You may avoid falling for scams by asking yourself these seven simple questions. If you answer yes to any of the following, there's a good chance it's a scam.
Watch out for Brexit scams
Fraudsters might seek to take advantage of uncertainty and confusion around Brexit to trick us into parting with our money.
Watch out for these Brexit scams which fraudsters may use before, during and after the UK's departure from the EU.
1 Contacted out of the blue?
An unsolicited call can be a sign of being contacted by a company you don't want to deal with.
However, companies do sometimes call their customers out of the blue for a legitimate reason.
If you're called by a company, make sure you do all you can to verify the identity of the caller.
Ask them to give you details that only the company will know. For instance. your service contract details, payment details or bank account details.
If you're not 100% convinced of the identity of the caller, hang up and contact the company directly from a different phone.
There are some instances, though, where it's best if you're the person to instigate the first contact.
For instance, if you're looking to make an investment or if you're looking for a new bank account or credit card, you should always be the first one to make contact.
Watch out for HMRC tax scams
Scammers have increasingly been posing as the HMRC in calls, texts and emails.
If you're contacted out of the blue by someone claiming to be from the HMRC, perhaps saying you're owed a tax refund or there's a warrant for your arrest, it will almost certainly be a scam.
Read more about how to spot the HMRC tax phone scam in our specific guide.
2 Is the deal too good to be true?
Scams will often promise high returns for very little financial commitment. They may even say that a deal is too good to miss.
Use your common sense, if a deal is too good to be true, it inevitably is.
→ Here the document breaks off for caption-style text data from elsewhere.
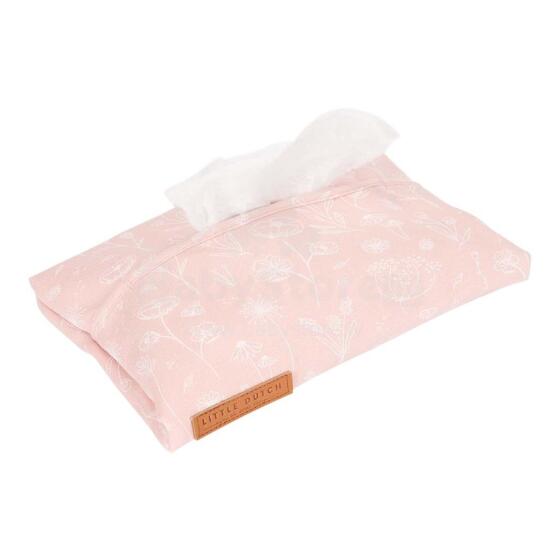 Little Dutch Wipes Cover Art.TE30321050 Flowers Pink Soma salvetēm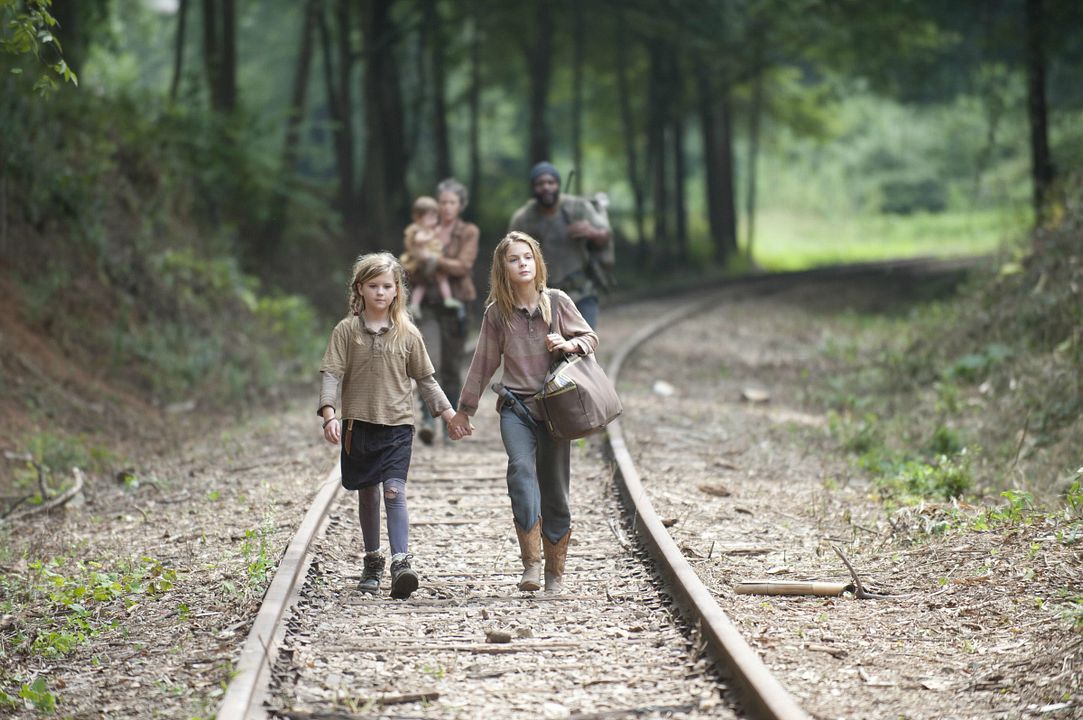 Fotoğraf Chad L. Coleman, Brighton Sharbino, Kyla Kenedy, Melissa McBride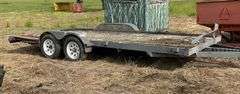 18’ Car Hauler Trailer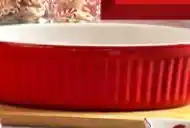 Black Red White naczynie ceramiczne do zapiekania Red Chili oferta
3 Asked to share personal details?
Never share your personal details with anyone you can't validate is who they say they are.
Phone scammers will often try and get valuable personal data from you, and they can use this to steal your identity or steal your money.
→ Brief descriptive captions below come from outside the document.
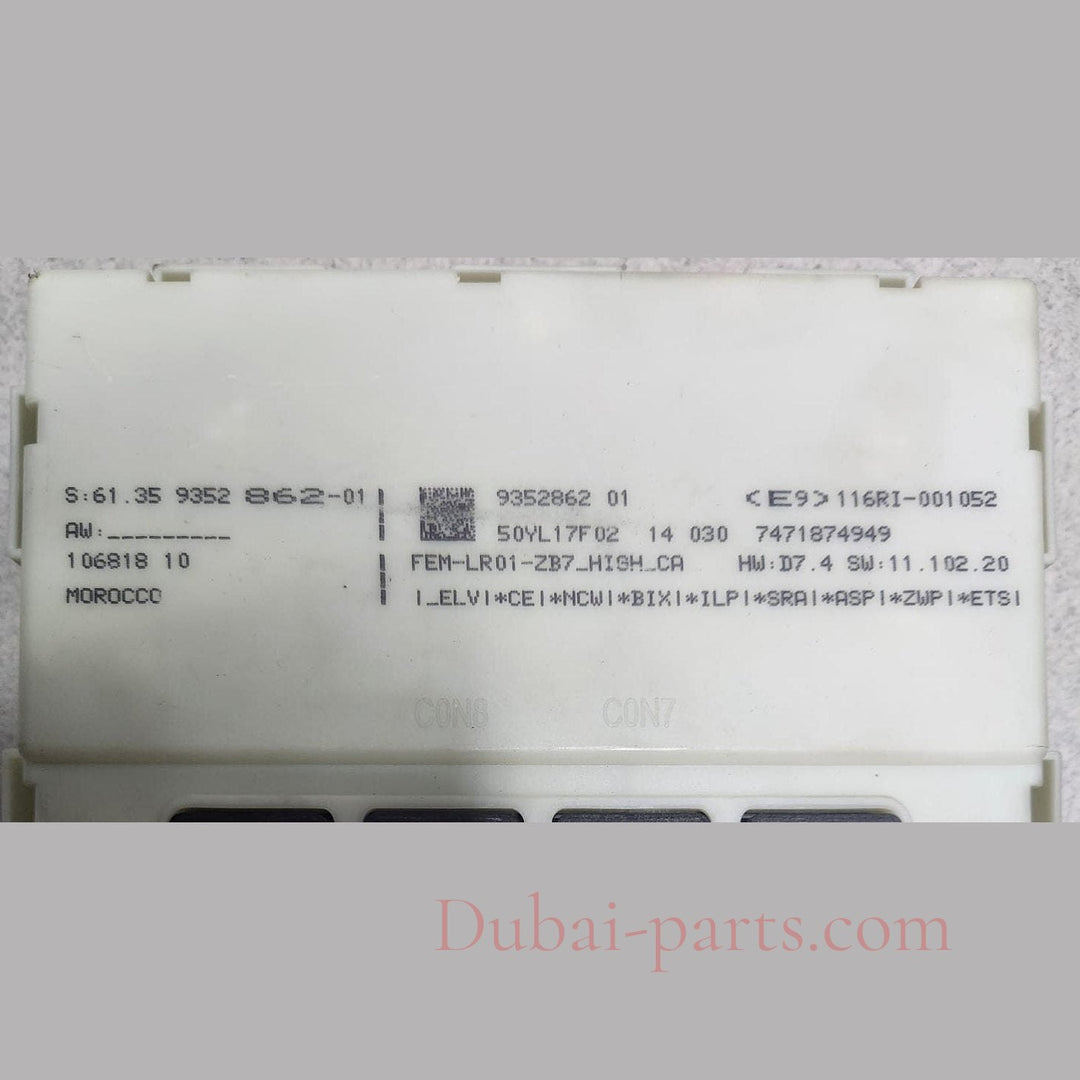BMW Engine Control Unit 8579480 320D GT F34 and 520D F10 N47N
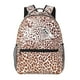 thumbnail image 1 of Balery Leopard Brown Mochila Escolar Impresa, Mochila Ligera para Viajes Casual, Mochila Duradera y Cómoda Multifuncional, Mochila para Laptop-One Size, 1 of 5
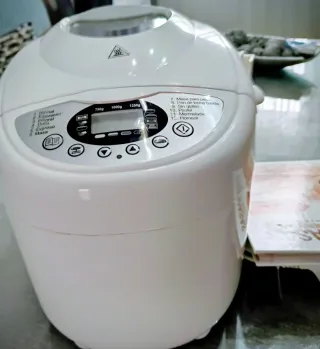 Panificadora Amasadora Blanca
Recent Which? research shows that 62% of people say they have been targeted by online fraudsters in the past 12 months
4 Pressurised to respond quickly?
Never proceed unless you are absolutely certain your money will be safe. Once you transfer, it may be too late.
You should be especially weary if someone asks you to do a bank transfer as this offers the least amount of protection.
Scammers will often try to hurry your decision making, always take a breath and think things through.
Salesmen in particular should always give you time and space to make an informed decision, anyone who tries to rush you is not to be trusted.
5 Are the contact details vague?
Vague contact details can be a PO box, premium rate number (starting ‘09’) or mobile number.
If anything goes wrong it's important you can contact those involved. This will be difficult if you don't have accurate contact information.
Premium rate numbers are also a favoured trick for squeezing every penny they can out of you.
6 Spelling or grammatical mistakes?
Legitimate organisations will rarely, if ever, make glaring spelling or grammatical mistakes, and if so they will usually be an isolated incident.
7 Are you asked to keep it quiet?
Being asked to keep something quiet should be a red flag. It's important you can discuss any agreements with your friends, family or independent advisors.
Often asking you to stay silent is used to keep you away from the advice and support you need in making a decision.
If you've come across a scam, take a look at our guide to reporting it to the right organisation.
Emotional support after a scam
Being scammed can take a huge toll on your emotional wellbeing and mental health. It's often helpful to speak to someone about what you're going through.
This can be anything from a one-off scam to something which entangles you for months, every scam has an impact on your life no matter its size.
Victim Support has a free, 24/7 helpline where you can speak to someone confidentially. This can be a one-off call or they can refer you to local services for on-going support.
This service is free and run by Victim Support which is an independent charity.